Extracted records
☆ ☆ ☆ ☆ ☆ ☆ ☆

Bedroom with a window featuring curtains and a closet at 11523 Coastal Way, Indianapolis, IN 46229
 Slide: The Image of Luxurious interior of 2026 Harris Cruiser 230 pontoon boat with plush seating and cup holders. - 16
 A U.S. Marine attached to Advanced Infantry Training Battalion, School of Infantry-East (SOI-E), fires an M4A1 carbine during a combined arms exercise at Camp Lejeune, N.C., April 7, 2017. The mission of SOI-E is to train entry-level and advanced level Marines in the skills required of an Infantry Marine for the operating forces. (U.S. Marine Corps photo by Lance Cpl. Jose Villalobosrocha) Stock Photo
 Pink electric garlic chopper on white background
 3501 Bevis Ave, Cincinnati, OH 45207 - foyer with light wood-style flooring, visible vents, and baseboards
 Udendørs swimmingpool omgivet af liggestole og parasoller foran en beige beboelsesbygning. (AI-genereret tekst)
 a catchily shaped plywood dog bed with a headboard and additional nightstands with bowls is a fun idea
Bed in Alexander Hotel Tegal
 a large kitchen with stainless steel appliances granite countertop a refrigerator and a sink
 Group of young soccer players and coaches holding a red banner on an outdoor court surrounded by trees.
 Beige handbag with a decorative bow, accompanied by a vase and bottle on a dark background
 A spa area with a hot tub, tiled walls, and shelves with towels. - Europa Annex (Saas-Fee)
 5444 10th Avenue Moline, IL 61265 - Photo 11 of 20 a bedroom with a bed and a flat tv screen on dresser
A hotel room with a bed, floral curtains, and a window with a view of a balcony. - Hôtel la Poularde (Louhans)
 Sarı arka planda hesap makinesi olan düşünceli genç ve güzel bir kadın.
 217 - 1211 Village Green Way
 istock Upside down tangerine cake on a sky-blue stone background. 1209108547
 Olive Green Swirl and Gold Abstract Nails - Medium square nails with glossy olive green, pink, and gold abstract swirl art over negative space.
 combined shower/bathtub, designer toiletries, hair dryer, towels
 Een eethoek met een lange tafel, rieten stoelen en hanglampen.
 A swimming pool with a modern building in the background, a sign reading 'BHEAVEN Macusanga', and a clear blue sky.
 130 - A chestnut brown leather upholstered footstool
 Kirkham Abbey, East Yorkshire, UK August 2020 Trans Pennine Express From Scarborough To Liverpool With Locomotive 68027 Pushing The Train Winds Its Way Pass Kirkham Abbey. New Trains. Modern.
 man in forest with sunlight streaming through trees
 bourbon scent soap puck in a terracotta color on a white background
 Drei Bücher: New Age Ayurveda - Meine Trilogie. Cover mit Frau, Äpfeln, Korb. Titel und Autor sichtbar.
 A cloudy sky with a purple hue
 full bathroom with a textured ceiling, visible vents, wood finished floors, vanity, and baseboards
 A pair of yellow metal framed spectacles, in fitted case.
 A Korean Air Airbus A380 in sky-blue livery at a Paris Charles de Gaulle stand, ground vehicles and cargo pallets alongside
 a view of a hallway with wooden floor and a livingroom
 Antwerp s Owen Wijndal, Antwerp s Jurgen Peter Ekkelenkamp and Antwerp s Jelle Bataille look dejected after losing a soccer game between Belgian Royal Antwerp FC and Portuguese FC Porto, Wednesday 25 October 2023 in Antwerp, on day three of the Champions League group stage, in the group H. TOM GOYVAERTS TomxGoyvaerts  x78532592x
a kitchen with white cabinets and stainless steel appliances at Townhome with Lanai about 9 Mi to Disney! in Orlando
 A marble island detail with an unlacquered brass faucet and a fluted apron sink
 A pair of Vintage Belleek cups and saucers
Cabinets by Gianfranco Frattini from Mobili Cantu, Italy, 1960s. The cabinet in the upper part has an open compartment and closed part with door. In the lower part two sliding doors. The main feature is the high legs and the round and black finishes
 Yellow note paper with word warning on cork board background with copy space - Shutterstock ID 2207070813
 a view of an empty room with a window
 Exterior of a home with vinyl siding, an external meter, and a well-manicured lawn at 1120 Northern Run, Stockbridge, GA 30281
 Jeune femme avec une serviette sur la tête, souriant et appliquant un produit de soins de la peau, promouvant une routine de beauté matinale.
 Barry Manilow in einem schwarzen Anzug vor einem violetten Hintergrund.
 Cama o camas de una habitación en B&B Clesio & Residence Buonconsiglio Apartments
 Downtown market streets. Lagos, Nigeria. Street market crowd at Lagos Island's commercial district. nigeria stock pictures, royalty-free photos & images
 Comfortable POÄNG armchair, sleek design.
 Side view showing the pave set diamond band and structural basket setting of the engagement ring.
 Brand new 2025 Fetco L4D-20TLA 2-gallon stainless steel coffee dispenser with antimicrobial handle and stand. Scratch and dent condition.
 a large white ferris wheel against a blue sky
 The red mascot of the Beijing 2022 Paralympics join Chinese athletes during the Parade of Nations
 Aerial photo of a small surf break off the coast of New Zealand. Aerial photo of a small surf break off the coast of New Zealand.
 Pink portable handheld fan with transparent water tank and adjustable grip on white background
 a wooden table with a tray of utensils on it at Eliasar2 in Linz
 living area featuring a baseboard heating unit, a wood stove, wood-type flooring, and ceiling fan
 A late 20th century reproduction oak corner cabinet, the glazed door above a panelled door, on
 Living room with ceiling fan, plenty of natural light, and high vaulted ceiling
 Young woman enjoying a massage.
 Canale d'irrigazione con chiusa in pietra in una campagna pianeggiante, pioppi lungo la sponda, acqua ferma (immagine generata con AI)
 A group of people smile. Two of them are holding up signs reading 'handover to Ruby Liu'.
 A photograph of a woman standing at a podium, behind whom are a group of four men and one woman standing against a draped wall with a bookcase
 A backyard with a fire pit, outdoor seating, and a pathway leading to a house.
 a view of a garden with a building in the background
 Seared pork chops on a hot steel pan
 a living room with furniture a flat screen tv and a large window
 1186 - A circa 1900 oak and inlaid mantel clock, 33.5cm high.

☆ ☆ ☆ ☆ ☆ ☆ ☆

What is required:
Word for word, repeat every record.

Output below:
Bedroom with a window featuring curtains and a closet at 11523 Coastal Way, Indianapolis, IN 46229
 Slide: The Image of Luxurious interior of 2026 Harris Cruiser 230 pontoon boat with plush seating and cup holders. - 16
 A U.S. Marine attached to Advanced Infantry Training Battalion, School of Infantry-East (SOI-E), fires an M4A1 carbine during a combined arms exercise at Camp Lejeune, N.C., April 7, 2017. The mission of SOI-E is to train entry-level and advanced level Marines in the skills required of an Infantry Marine for the operating forces. (U.S. Marine Corps photo by Lance Cpl. Jose Villalobosrocha) Stock Photo
 Pink electric garlic chopper on white background
 3501 Bevis Ave, Cincinnati, OH 45207 - foyer with light wood-style flooring, visible vents, and baseboards
 Udendørs swimmingpool omgivet af liggestole og parasoller foran en beige beboelsesbygning. (AI-genereret tekst)
 a catchily shaped plywood dog bed with a headboard and additional nightstands with bowls is a fun idea
Bed in Alexander Hotel Tegal
 a large kitchen with stainless steel appliances granite countertop a refrigerator and a sink
 Group of young soccer players and coaches holding a red banner on an outdoor court surrounded by trees.
 Beige handbag with a decorative bow, accompanied by a vase and bottle on a dark background
 A spa area with a hot tub, tiled walls, and shelves with towels. - Europa Annex (Saas-Fee)
 5444 10th Avenue Moline, IL 61265 - Photo 11 of 20 a bedroom with a bed and a flat tv screen on dresser
A hotel room with a bed, floral curtains, and a window with a view of a balcony. - Hôtel la Poularde (Louhans)
 Sarı arka planda hesap makinesi olan düşünceli genç ve güzel bir kadın.
 217 - 1211 Village Green Way
 istock Upside down tangerine cake on a sky-blue stone background. 1209108547
 Olive Green Swirl and Gold Abstract Nails - Medium square nails with glossy olive green, pink, and gold abstract swirl art over negative space.
 combined shower/bathtub, designer toiletries, hair dryer, towels
 Een eethoek met een lange tafel, rieten stoelen en hanglampen.
 A swimming pool with a modern building in the background, a sign reading 'BHEAVEN Macusanga', and a clear blue sky.
 130 - A chestnut brown leather upholstered footstool
 Kirkham Abbey, East Yorkshire, UK August 2020 Trans Pennine Express From Scarborough To Liverpool With Locomotive 68027 Pushing The Train Winds Its Way Pass Kirkham Abbey. New Trains. Modern.
 man in forest with sunlight streaming through trees
 bourbon scent soap puck in a terracotta color on a white background
 Drei Bücher: New Age Ayurveda - Meine Trilogie. Cover mit Frau, Äpfeln, Korb. Titel und Autor sichtbar.
 A cloudy sky with a purple hue
 full bathroom with a textured ceiling, visible vents, wood finished floors, vanity, and baseboards
 A pair of yellow metal framed spectacles, in fitted case.
 A Korean Air Airbus A380 in sky-blue livery at a Paris Charles de Gaulle stand, ground vehicles and cargo pallets alongside
 a view of a hallway with wooden floor and a livingroom
 Antwerp s Owen Wijndal, Antwerp s Jurgen Peter Ekkelenkamp and Antwerp s Jelle Bataille look dejected after losing a soccer game between Belgian Royal Antwerp FC and Portuguese FC Porto, Wednesday 25 October 2023 in Antwerp, on day three of the Champions League group stage, in the group H. TOM GOYVAERTS TomxGoyvaerts  x78532592x
a kitchen with white cabinets and stainless steel appliances at Townhome with Lanai about 9 Mi to Disney! in Orlando
 A marble island detail with an unlacquered brass faucet and a fluted apron sink
 A pair of Vintage Belleek cups and saucers
Cabinets by Gianfranco Frattini from Mobili Cantu, Italy, 1960s. The cabinet in the upper part has an open compartment and closed part with door. In the lower part two sliding doors. The main feature is the high legs and the round and black finishes
 Yellow note paper with word warning on cork board background with copy space - Shutterstock ID 2207070813
 a view of an empty room with a window
 Exterior of a home with vinyl siding, an external meter, and a well-manicured lawn at 1120 Northern Run, Stockbridge, GA 30281
 Jeune femme avec une serviette sur la tête, souriant et appliquant un produit de soins de la peau, promouvant une routine de beauté matinale.
 Barry Manilow in einem schwarzen Anzug vor einem violetten Hintergrund.
 Cama o camas de una habitación en B&B Clesio & Residence Buonconsiglio Apartments
 Downtown market streets. Lagos, Nigeria. Street market crowd at Lagos Island's commercial district. nigeria stock pictures, royalty-free photos & images
 Comfortable POÄNG armchair, sleek design.
 Side view showing the pave set diamond band and structural basket setting of the engagement ring.
 Brand new 2025 Fetco L4D-20TLA 2-gallon stainless steel coffee dispenser with antimicrobial handle and stand. Scratch and dent condition.
 a large white ferris wheel against a blue sky
 The red mascot of the Beijing 2022 Paralympics join Chinese athletes during the Parade of Nations
 Aerial photo of a small surf break off the coast of New Zealand. Aerial photo of a small surf break off the coast of New Zealand.
 Pink portable handheld fan with transparent water tank and adjustable grip on white background
 a wooden table with a tray of utensils on it at Eliasar2 in Linz
 living area featuring a baseboard heating unit, a wood stove, wood-type flooring, and ceiling fan
 A late 20th century reproduction oak corner cabinet, the glazed door above a panelled door, on
 Living room with ceiling fan, plenty of natural light, and high vaulted ceiling
 Young woman enjoying a massage.
 Canale d'irrigazione con chiusa in pietra in una campagna pianeggiante, pioppi lungo la sponda, acqua ferma (immagine generata con AI)
 A group of people smile. Two of them are holding up signs reading 'handover to Ruby Liu'.
 A photograph of a woman standing at a podium, behind whom are a group of four men and one woman standing against a draped wall with a bookcase
 A backyard with a fire pit, outdoor seating, and a pathway leading to a house.
 a view of a garden with a building in the background
 Seared pork chops on a hot steel pan
 a living room with furniture a flat screen tv and a large window
 1186 - A circa 1900 oak and inlaid mantel clock, 33.5cm high.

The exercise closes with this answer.